Others, including Sony, Apple, and Samsung, have also been widely reported to be working on similar lens-based diagnostics but have not revealed any details. “There have been lots of promises,” says Bailey, “but I’ve seen nothing delivered at all.”
A Long Road Ahead
Sandy Asher, distinguished professor of chemistry at the University of Pittsburgh (Figure 7), thinks the field has great promise but foresees a long road ahead. Asher was one of the pioneers of the idea of monitoring glucose using tears rather than blood. He began publishing research on such measurements more than a decade ago, using “a piece of a hydrogel and a photonic crystal in a contact lens,” he notes.
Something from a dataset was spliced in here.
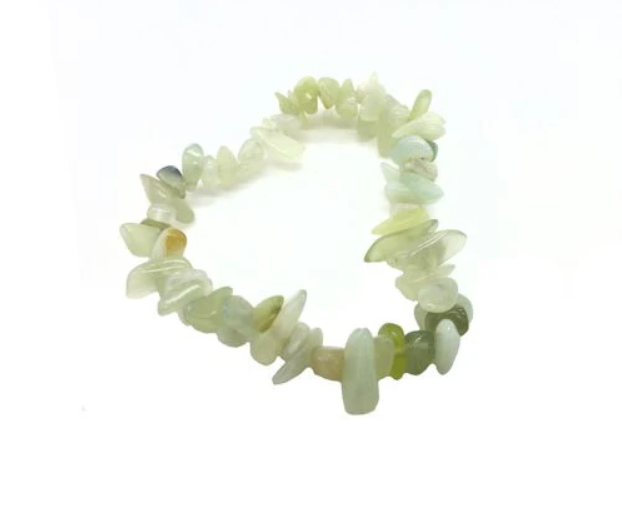 Neon green bracelet with chip stones on a white background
The device changed colors depending on the glucose concentration so that a patient could look in to a mirror to see the results. Oddly, Asher says, it’s not clear why such metabolites as glucose should appear in tears in the first place. “You could argue that it shouldn’t be there,” he says. “It’s good food for bad bugs.”
But Asher continues to be very optimistic that such diagnostic systems built into contact lenses remain a highly promising field. “There are a lot of things you can potentially do,” he continues. “Tear fluid contains a lot of chemical species, it’s very complex. There may be a number of analytes, probably other carbohydrates, whose levels probably depend on state of health that would be useful to measure. But we don’t yet have any additional targets that we’ve identified.”
Even if glucose were the only useful target for contact lens monitoring, the potential for such a system—if it is proven safe, effective, and affordable—could be enormous. More than 400 million people worldwide are estimated to have diabetes, and its medications and treatments represent a US$10 billion annual market—and a tremendous amount of suffering. “It could be a huge improvement for people who are having terrible complications,” Asher says, “and maybe life-saving for people with hypoglycemia. You’d be able to head off a hypoglycemic event that could cause them to black out and die.”
Having tried and failed to launch a business to develop such devices eight years ago, Asher doesn’t underestimate the challenges that still lie ahead, however. “If it were easy, ”he concludes,“ it would already have been done.”